Update ard_survival_survfit (#152)

**What changes are proposed in this pull request?** * Updated `ard_survival_survfit` to return `std.error` and `n.risk` statistics. (#139 ) @ddsjoberg as I currently have it, `std.error` gets transformed along with `estimate`, `conf.low`, and `conf.high` (with options `"survival"`, `"cumhaz"`, and `"risk"`), but if you think it's more informative to always return the untransformed `std.error` that can be updated. Closes #139 -------------------------------------------------------------------------------- Pre-review Checklist (if item does not apply, mark is as complete) - [x] **All** GitHub Action workflows pass with a ✅ - [x] PR branch has pulled the most recent updates from master branch: `usethis::pr_merge_main()` - [x] If a bug was fixed, a unit test was added. - [x] If a new `ard_*()` function was added, it passes the ARD structural checks from `cards::check_ard_structure()`. - [x] If a new `ard_*()` function was added, `set_cli_abort_call()` has been set. - [x] If a new `ard_*()` function was added and it depends on another package (such as, `broom`), `is_pkg_installed("broom", reference_pkg = "cardx")` has been set in the function call and the following added to the roxygen comments: `@examplesIf do.call(asNamespace("cardx")$is_pkg_installed, list(pkg = "broom"", reference_pkg = "cardx"))` - [x] Code coverage is suitable for any new functions/features (generally, 100% coverage for new code): `devtools::test_coverage()` Reviewer Checklist (if item does not apply, mark is as complete) - [ ] If a bug was fixed, a unit test was added. - [ ] Code coverage is suitable for any new functions/features: `devtools::test_coverage()` When the branch is ready to be merged: - [ ] Update `NEWS.md` with the changes from this pull request under the heading "`# cardx (development version)`". If there is an issue associated with the pull request, reference it in parentheses at the end update (see `NEWS.md` for examples). - [ ] **All** GitHub Action workflows pass with a ✅ - [ ] Approve Pull Request - [ ] Merge the PR. Please use "Squash and merge" or "Rebase and merge".

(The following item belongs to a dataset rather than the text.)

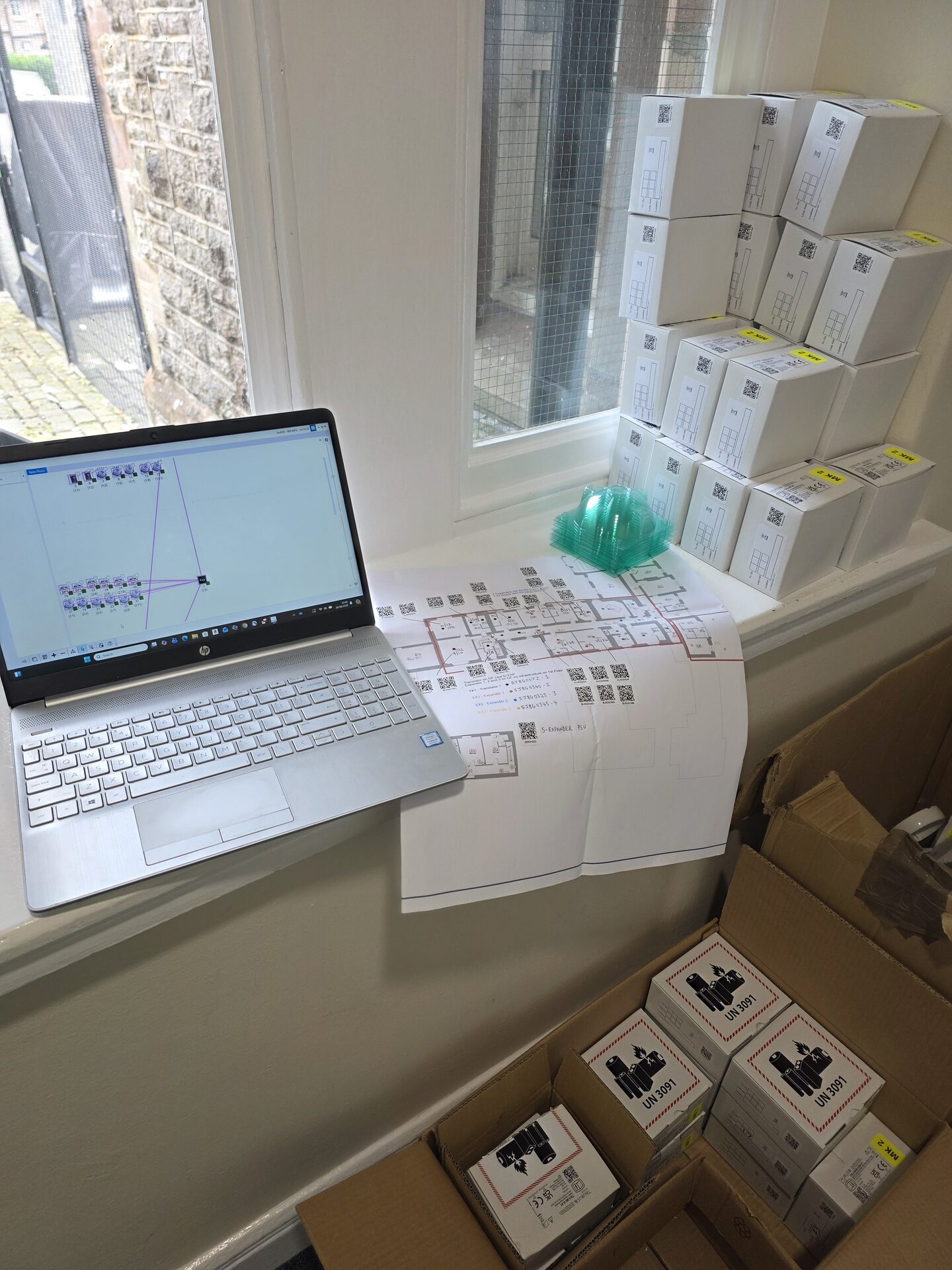 planning a fire alarm system layout on a laptop on site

insightsengineering · May 23, 2024 · 819dab4 · 819dab4
1 parent db48b77
commit 819dab4
Show file tree

Hide file tree

Showing 3 changed files with 154 additions and 119 deletions.

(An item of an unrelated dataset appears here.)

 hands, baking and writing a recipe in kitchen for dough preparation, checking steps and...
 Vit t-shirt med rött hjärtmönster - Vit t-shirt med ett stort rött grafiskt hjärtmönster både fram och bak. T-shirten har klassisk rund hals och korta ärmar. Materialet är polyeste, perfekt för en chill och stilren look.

diff --git a/R/ard_survival_survfit.R b/R/ard_survival_survfit.R
@@ -111,6 +111,8 @@ ard_survival_survfit <- function(x, times = NULL, probs = NULL, type = NULL) {
 #'
 #' @inheritParams cards::tidy_as_ard
 #' @inheritParams ard_survival_survfit
+#' @param start.time (`numeric`)\cr
+#'   default starting time. See [survival::survfit0()] for more details.
 #'
 #' @return a `tibble`
 #'
@@ -119,42 +121,39 @@ ard_survival_survfit <- function(x, times = NULL, probs = NULL, type = NULL) {
 #'   cardx:::.process_survfit_time(times = c(60, 180), type = "risk")
 #'
 #' @keywords internal
-.process_survfit_time <- function(x, times, type) {
-  # tidy survfit results
-  tidy_x <- broom::tidy(x)
+.process_survfit_time <- function(x, times, type, start.time = NULL) {
+  # add start time
+  min_time <- min(x$time)
+  if (is.null(start.time) && min_time < 0) {
+    cli::cli_inform(paste(
+      "The {.arg start.time} argument has not been set and negative times have been observed. Please set start",
+      "time via the {.arg start.time} argument, otherwise the minimum observed time will be used by default."
+    ))
+    start.time <- min_time
+  } else if (is.null(start.time)) {
+    start.time <- 0
+  }
+  x <- survival::survfit0(x, start.time) %>%
+    summary(times)
 
   # process competing risks/multi-state models
-  multi_state <- inherits(x, "survfitms")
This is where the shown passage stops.